▶ **Records to use**

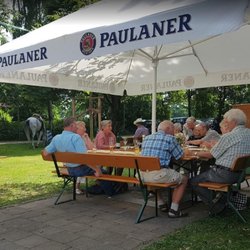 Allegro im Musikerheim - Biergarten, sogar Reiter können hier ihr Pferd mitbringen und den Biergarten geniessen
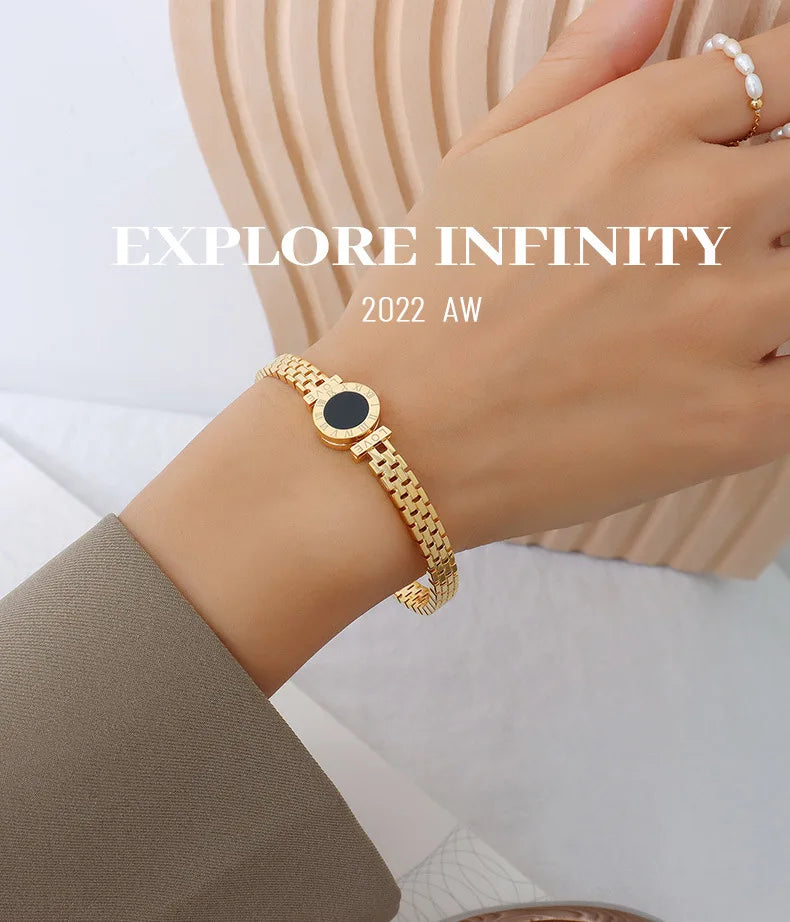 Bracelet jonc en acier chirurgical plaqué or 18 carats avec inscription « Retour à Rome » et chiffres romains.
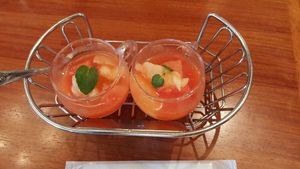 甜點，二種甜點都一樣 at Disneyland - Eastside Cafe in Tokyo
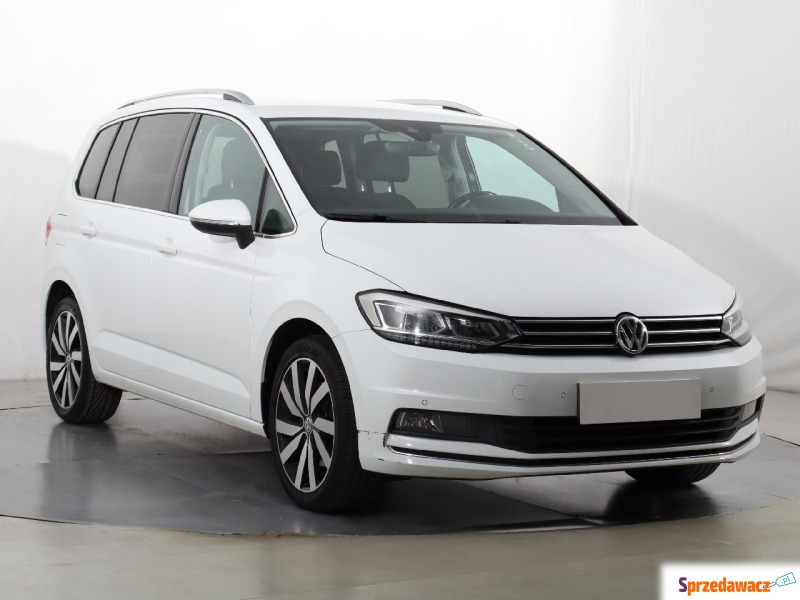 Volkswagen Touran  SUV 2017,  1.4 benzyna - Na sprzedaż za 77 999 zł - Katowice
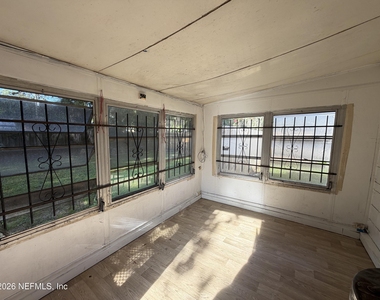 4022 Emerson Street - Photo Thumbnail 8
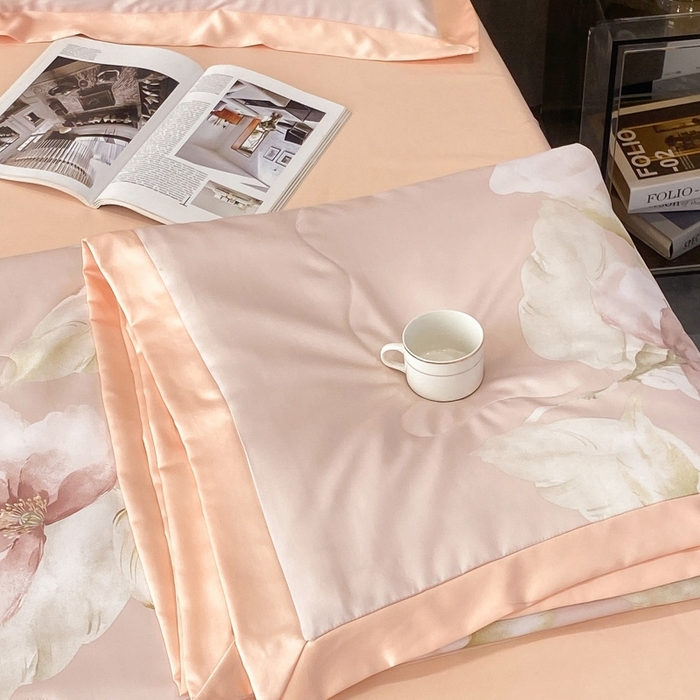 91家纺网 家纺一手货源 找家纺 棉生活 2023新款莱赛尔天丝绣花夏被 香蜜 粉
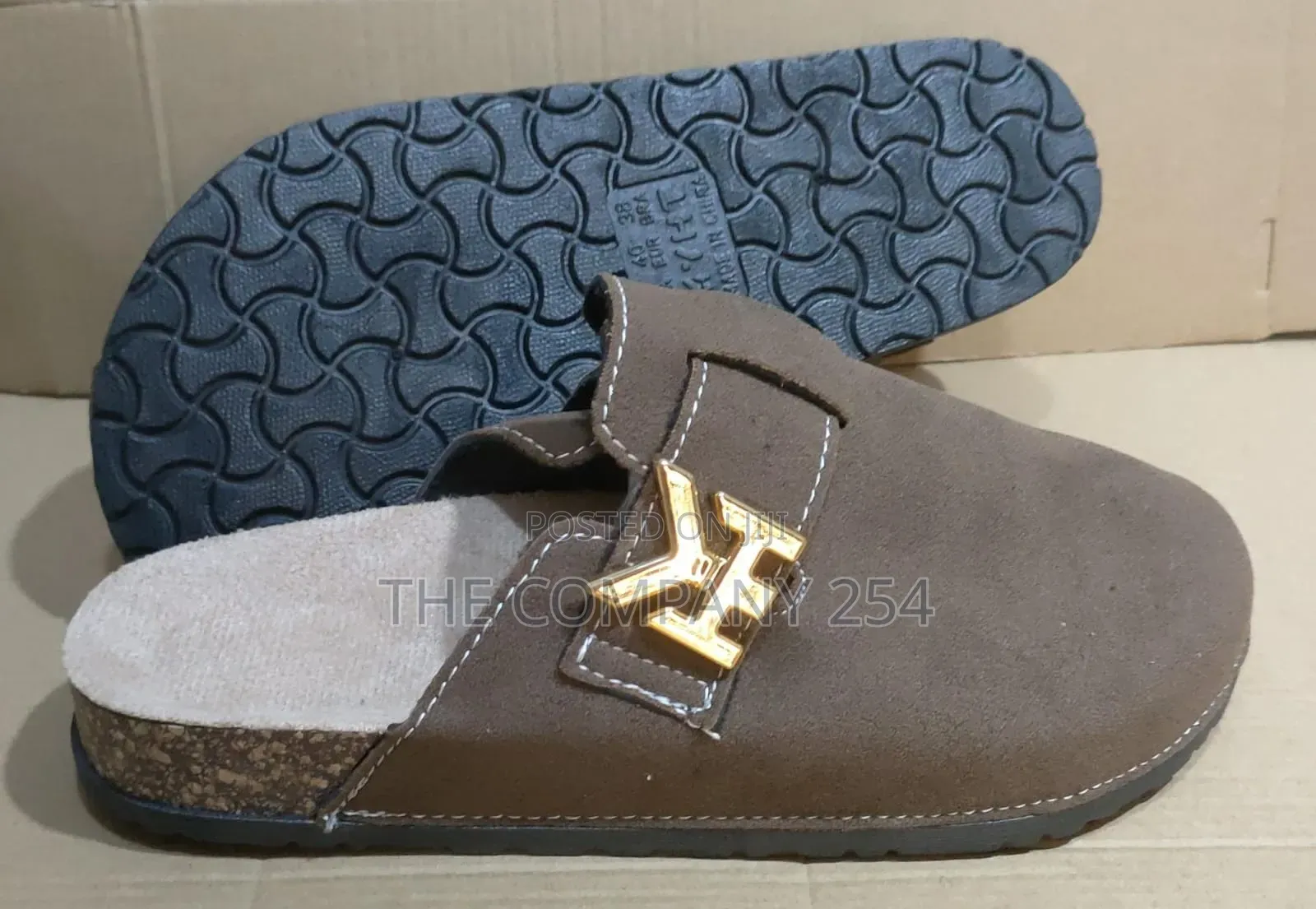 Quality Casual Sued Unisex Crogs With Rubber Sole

--

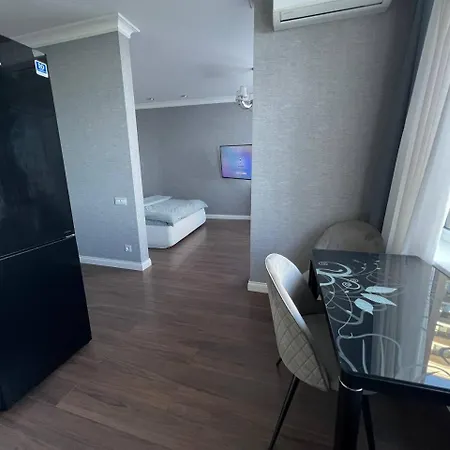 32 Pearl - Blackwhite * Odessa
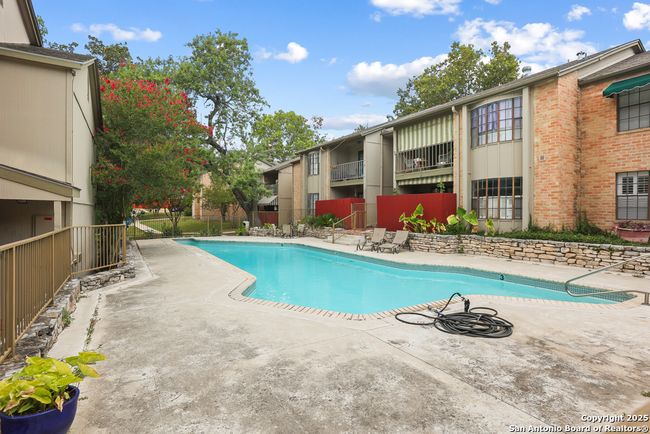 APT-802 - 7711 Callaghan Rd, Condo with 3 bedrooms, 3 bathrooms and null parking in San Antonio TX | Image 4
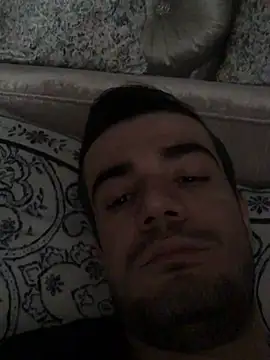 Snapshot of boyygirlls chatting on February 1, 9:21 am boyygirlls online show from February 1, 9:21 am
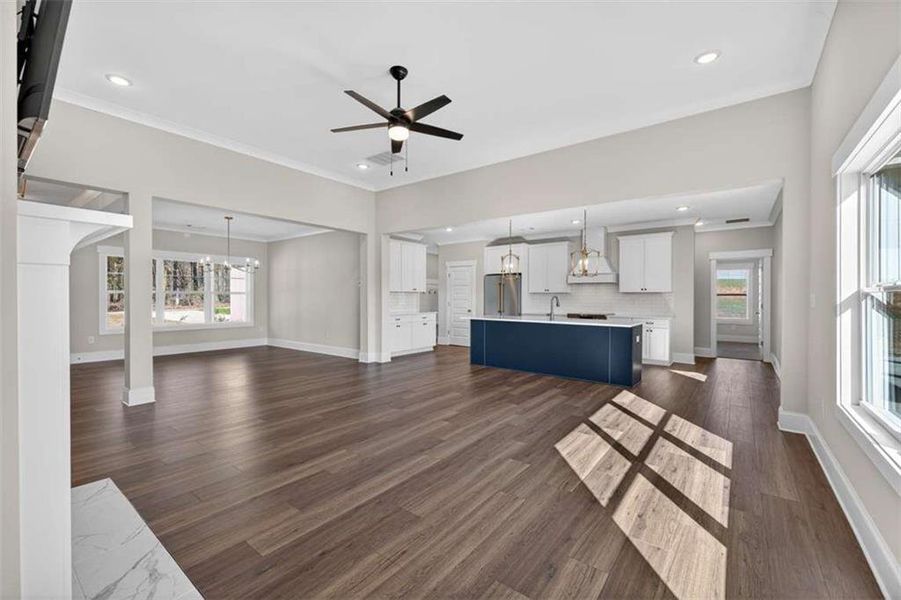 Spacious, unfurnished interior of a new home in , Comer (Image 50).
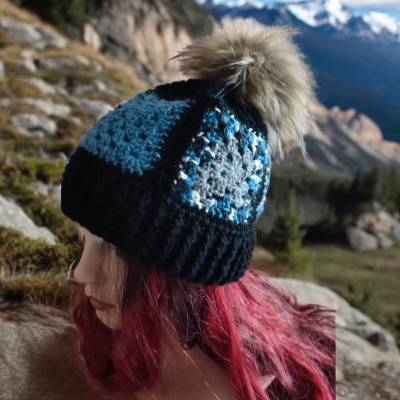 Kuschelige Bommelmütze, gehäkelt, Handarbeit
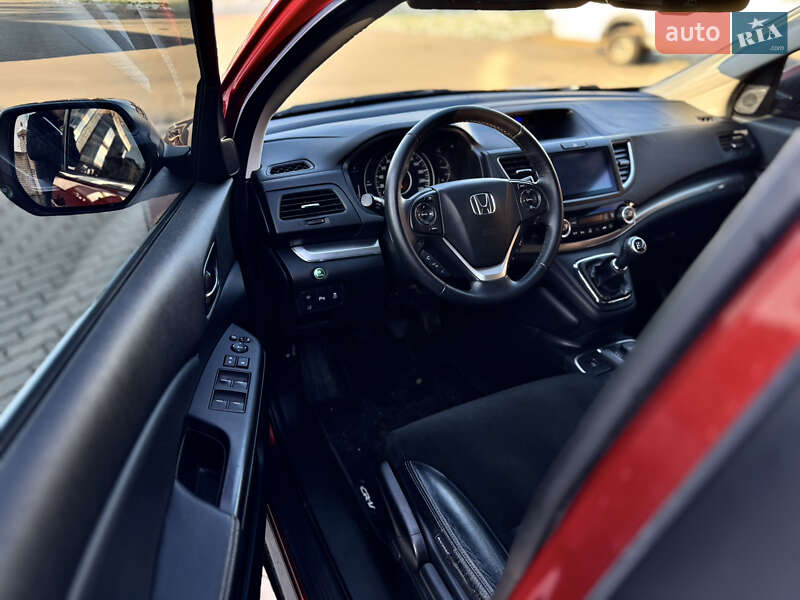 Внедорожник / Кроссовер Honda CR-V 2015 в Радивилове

---

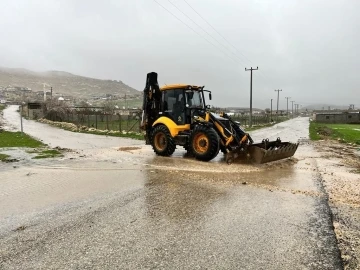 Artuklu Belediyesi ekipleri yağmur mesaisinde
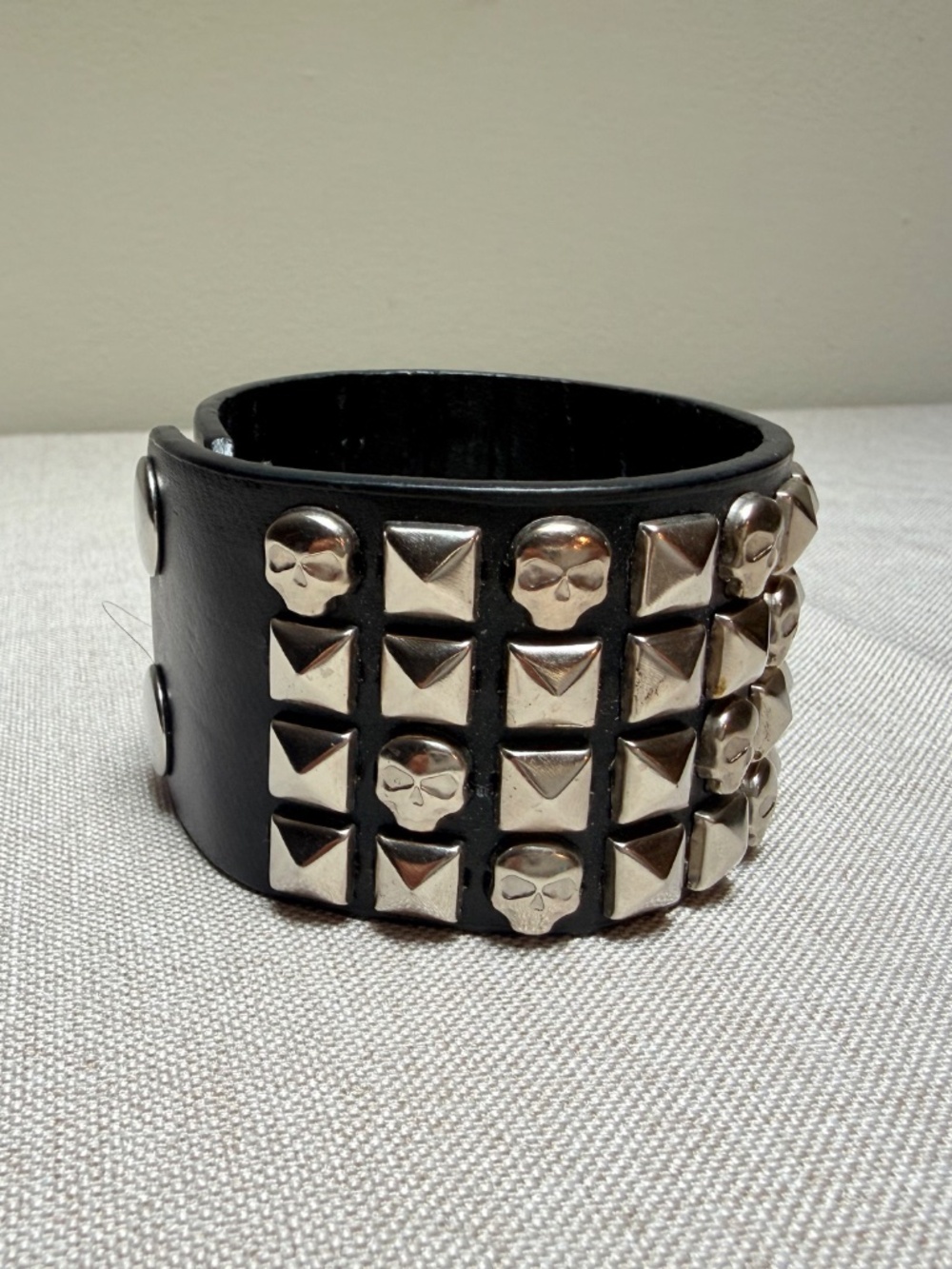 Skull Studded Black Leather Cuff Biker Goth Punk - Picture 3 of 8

▶ **Work item**
Each line above from the one containing "甜點，二種甜點都一樣 at Disneyland" through the one containing "Quality Casual Sued" is to be returned verbatim. Nothing else, and no pictures.

▶ **Written response**
 甜點，二種甜點都一樣 at Disneyland - Eastside Cafe in Tokyo
 Volkswagen Touran  SUV 2017,  1.4 benzyna - Na sprzedaż za 77 999 zł - Katowice
 4022 Emerson Street - Photo Thumbnail 8
 91家纺网 家纺一手货源 找家纺 棉生活 2023新款莱赛尔天丝绣花夏被 香蜜 粉
 Quality Casual Sued Unisex Crogs With Rubber Sole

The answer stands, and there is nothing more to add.